Diameter $AB$ of a circle has length a $2$-digit integer (base ten). Reversing the digits gives the length of the perpendicular chord $CD$. The distance from their intersection point $H$ to the center $O$ is a positive rational number. Determine the length of $AB$. $[asy] draw(circle((0,0),4)); draw((-4,0)--(4,0)); draw((-2,-2*sqrt(3))--(-2,2*sqrt(3))); draw((-2.6,0)--(-2.6,0.6)); draw((-2,0.6)--(-2.6,0.6)); dot((0,0)); dot((-2,0)); dot((4,0)); dot((-4,0)); dot((-2,2*sqrt(3))); dot((-2,-2*sqrt(3))); label("A",(-4,0),W); label("B",(4,0),E); label("C",(-2,2*sqrt(3)),NW); label("D",(-2,-2*sqrt(3)),SW); label("H",(-4,0),SE); label("O",(0,0),NE);[/asy]$

## Solution

Let $AB=10x+y$ and $CD=10y+x$. It follows that $CO=\frac{AB}{2}=\frac{10x+y}{2}$ and $CH=\frac{CD}{2}=\frac{10y+x}{2}$. Scale up this triangle by 2 to ease the arithmetic.
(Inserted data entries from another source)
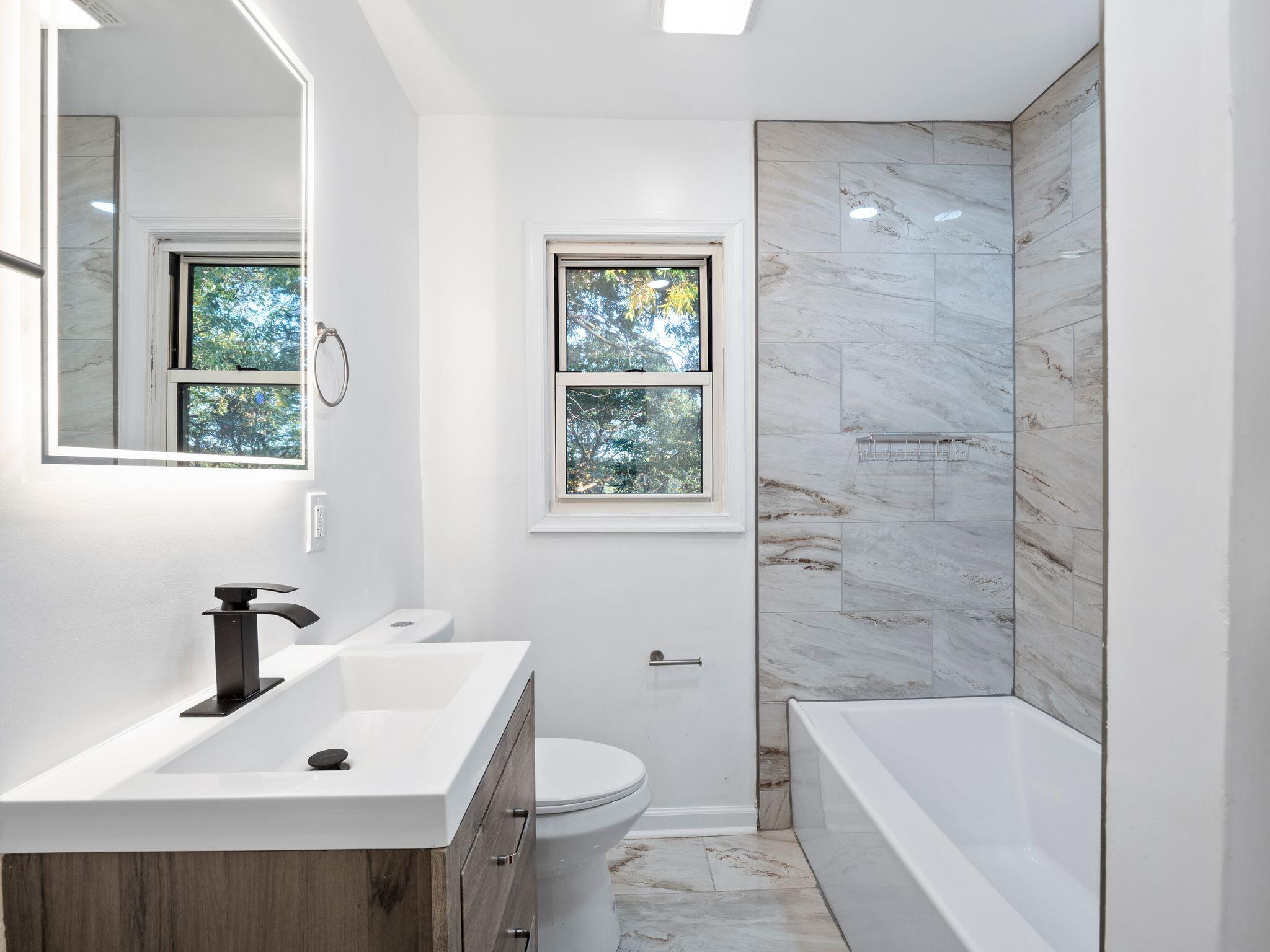 2631 Idlewild BLVD NE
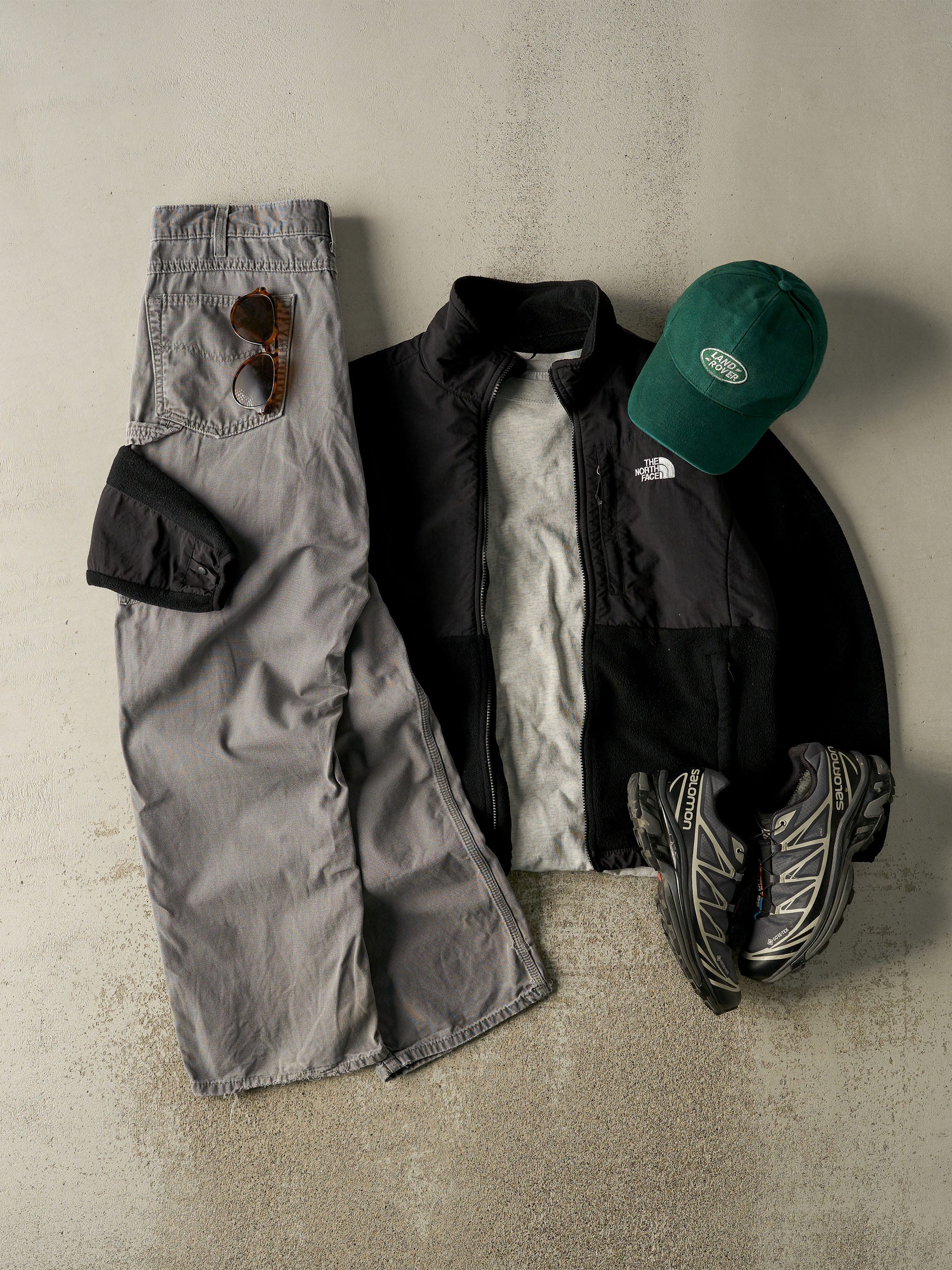 Vintage 90s Grey Carhartt Carpenter Pants (33x30) - Image 2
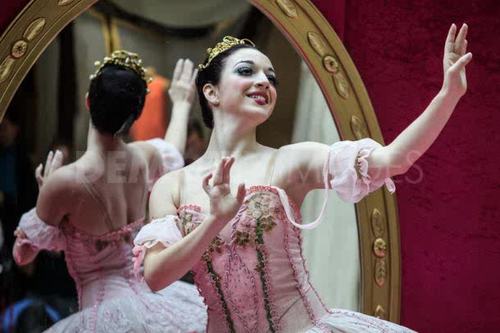 SeSowter's profile picture. •Corps de Ballet, ad hoc, with South African Mzansi Ballet •Matriculated '09 frm NSA •Love my family, amazing man &friends •live life 4 The One who gave me life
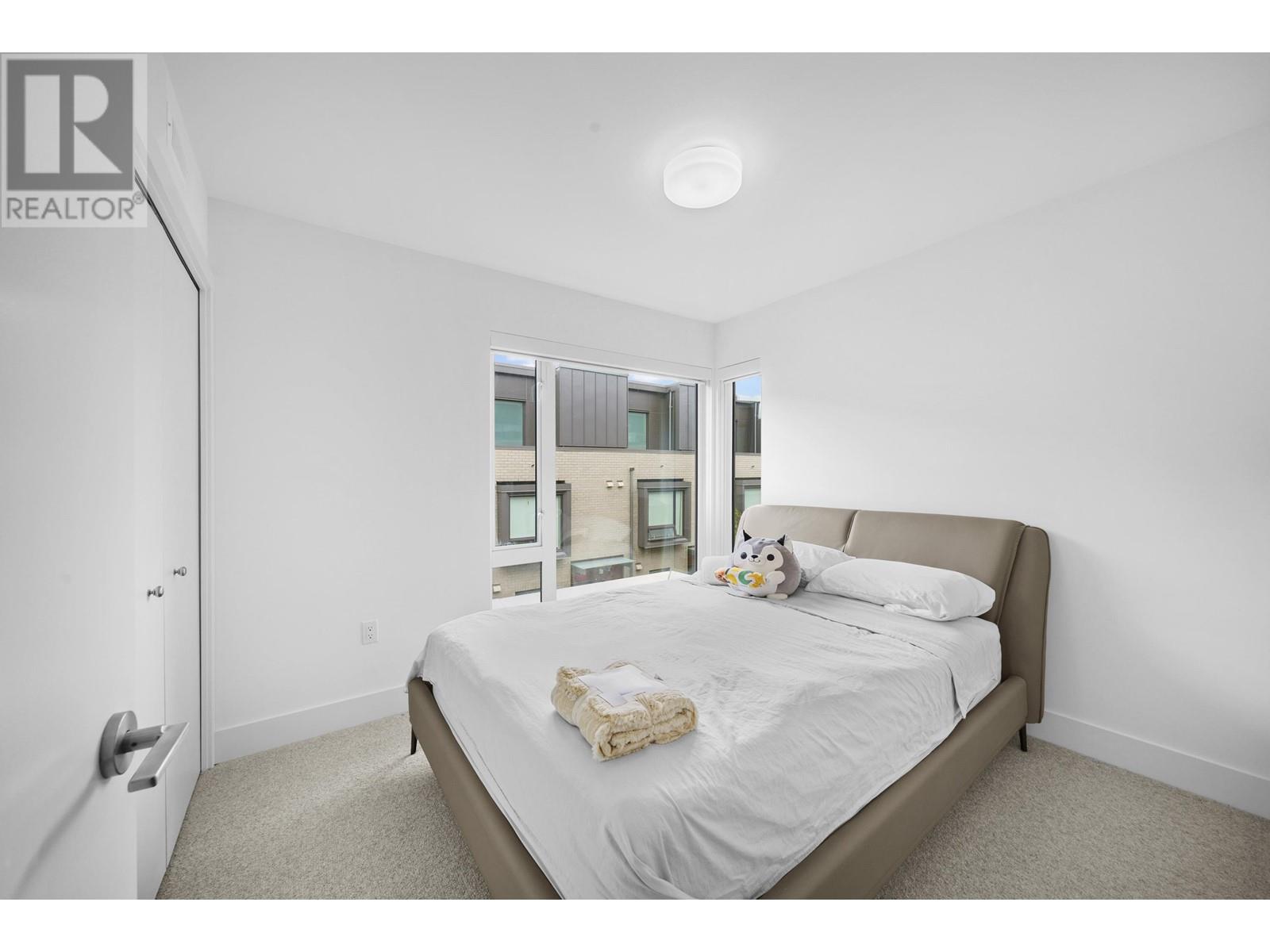 6816 OAK STREET, Vancouver real estate listing R2993027
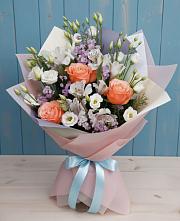 Букет цветов из:  Лизиантусы, Розы, Альстромерии и Гипсофила в Преображенской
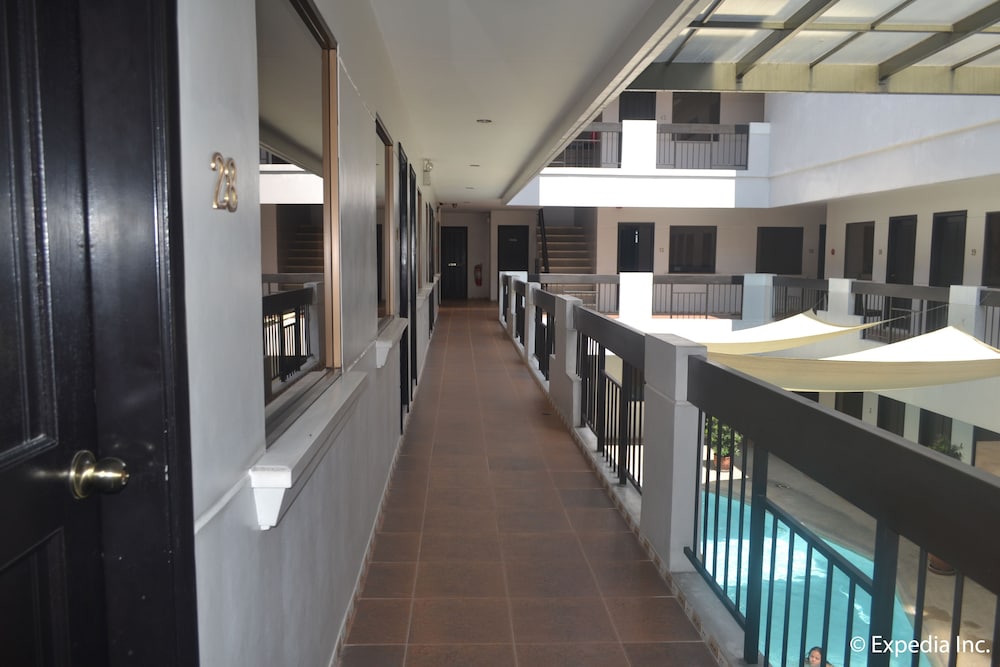 Boomerang Hotel 11/63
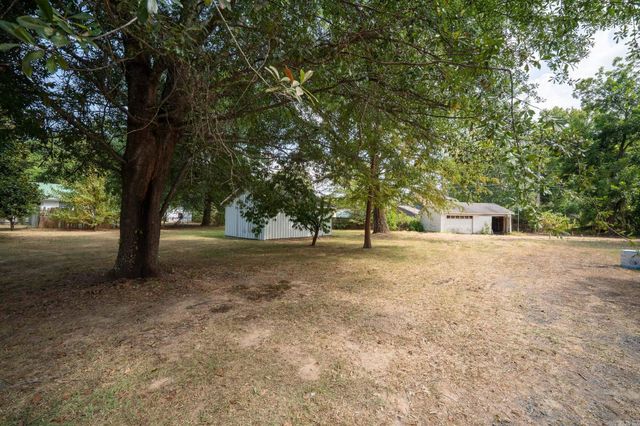 1413 Graham Rd, Jacksonville, AR 72076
Applying the Pythagorean Theorem on $2CO$, $2OH$ and $2CH$, we deduce $$(2OH)^2=\left(10x+y\right)^2-\left(10y+x\right)^2=99(x+y)(x-y)$$

Because $OH$ is a positive rational number and $x$ and $y$ are integral, the quantity $99(x+y)(x-y)$ must be a perfect square. Hence either $x-y$ or $x+y$ must be a multiple of $11$, but as $x$ and $y$ are different digits, $1+0=1 \leq x+y \leq 9+9=18$, so the only possible multiple of $11$ is $11$ itself. However, $x-y$ cannot be 11, because both must be digits. Therefore, $x+y$ must equal $11$ and $x-y$ must be a perfect square. The only pair $(x,y)$ that satisfies this condition is $(6,5)$, so our answer is $\boxed{065}$. (Therefore $CD = 56$ and $OH = \frac{33}{2}$.)